UK to begin Iraq war probe

LONDON: A long-awaited inquiry into Britain's involvement in the Iraq war was due to open Thursday, six years after then premier Tony Blair's controversial decision to back the US-led invasion.

Blair has vowed to cooperate "fully" with the probe, announced by Prime Minister Gordon Brown last month to honour a pledge to hold an inquiry once Britain's soldiers have pulled out of Iraq. Critics hope the inquiry, which also covers the periods before and after the 2003 invasion, will shed light on alleged manipulation of intelligence to justify going to war alongside then president George W. Bush.

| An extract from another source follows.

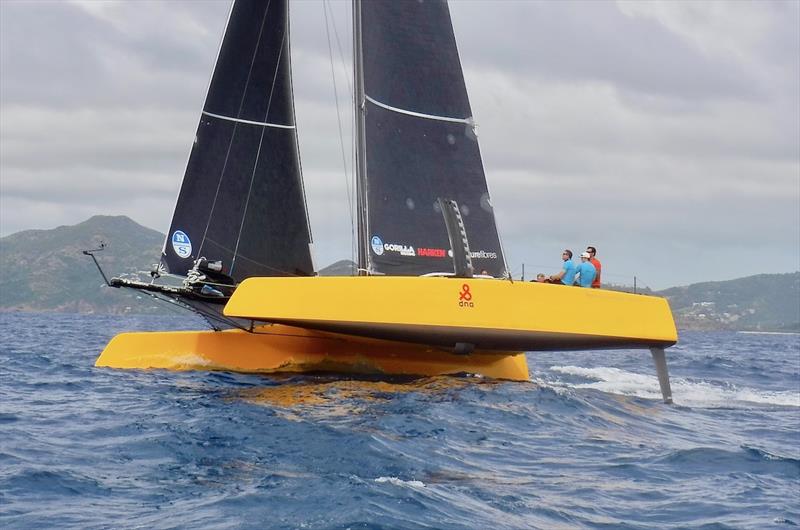 Falcon G4 during the Nelson Pursuit Race photo copyright Louay Habib taken at Antigua Yacht Club and featuring the Catamaran class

"Public confidence in government was badly hit by the murky and disastrous decisions taken in the run-up to the Iraq war, said Nick Harvey of the Liberal Democrats, the only mainstream party to have opposed the war.

"If there is to be any hope of rebuilding public trust, it is essential that the vast majority of this inquiry is held in public.

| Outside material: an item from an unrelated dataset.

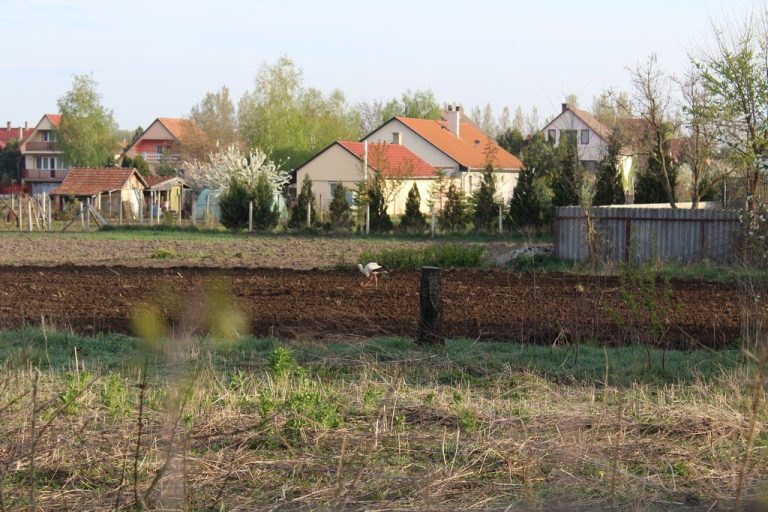 Gólya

Brown was forced to do a U-turn after initially announcing that the inquiry would be held in private, provoking angry claims that it would produce a whitewash -- a criticism levelled at one of the two previous probes.

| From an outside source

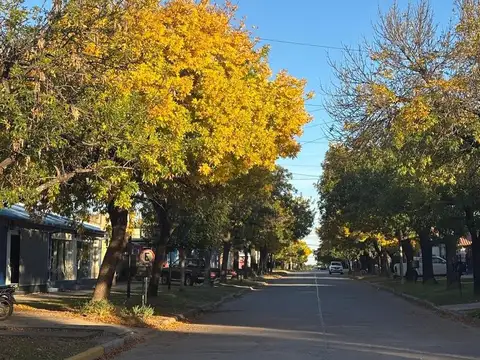 Terreno en Venta 10  mts Frente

Inquiry chairman Sir John Chilcott, who was due to set out the terms of reference of the probe on Thursday, subsequently said he wants to hold as many sessions as possible in public, to which Brown agreed.

The prime minister also had to backtrack on an initial pledge that the probe would not "apportion blame," with Foreign Secretary David Miliband telling MPs it could "praise or blame whoever it likes." Chilcott, a former top civil servant, will be backed by a four-strong panel holding the inquiry, which will cover events from the summer of 2001 up to July 2009 and is expected to take around a year. Critics have jumped on the length of the probe, noting that its conclusions will not be known before elections due by next June -- meaning that any embarrassing findings would not impact on Brown's chances of staying in power.

Brown, who was chancellor in Blair's government at the time of the war before succeeding him as premier in June 2007, is in any case widely tipped to be defeated by opposition leader David Cameron, according to polls.

But Blair could also face some tough questions about his decision, which drew widespread public anger and mass demonstrations in the run-up to the war, as well as provoking a serious political rift within Europe.

The ex-premier's spokesman said when the inquiry was announced: "It is for Sir John Chilcott and the prime minister to agree the format of the inquiry and of course Mr. Blair will fully cooperate with whatever they agree." There have already been two official probes into elements surrounding the run-up to the invasion to topple Saddam Hussein's regime.

The 2004 Hutton inquiry looked at the suicide of David Kelly, a government scientist named as the possible source of a BBC report claiming the government "sexed up" a dossier on Iraq's military capability.

Meanwhile the Butler inquiry, which reported the same year, highlighted failings in intelligence over whether Saddam had weapons of mass destruction. Chilcott was a member of the panel which oversaw that inquiry.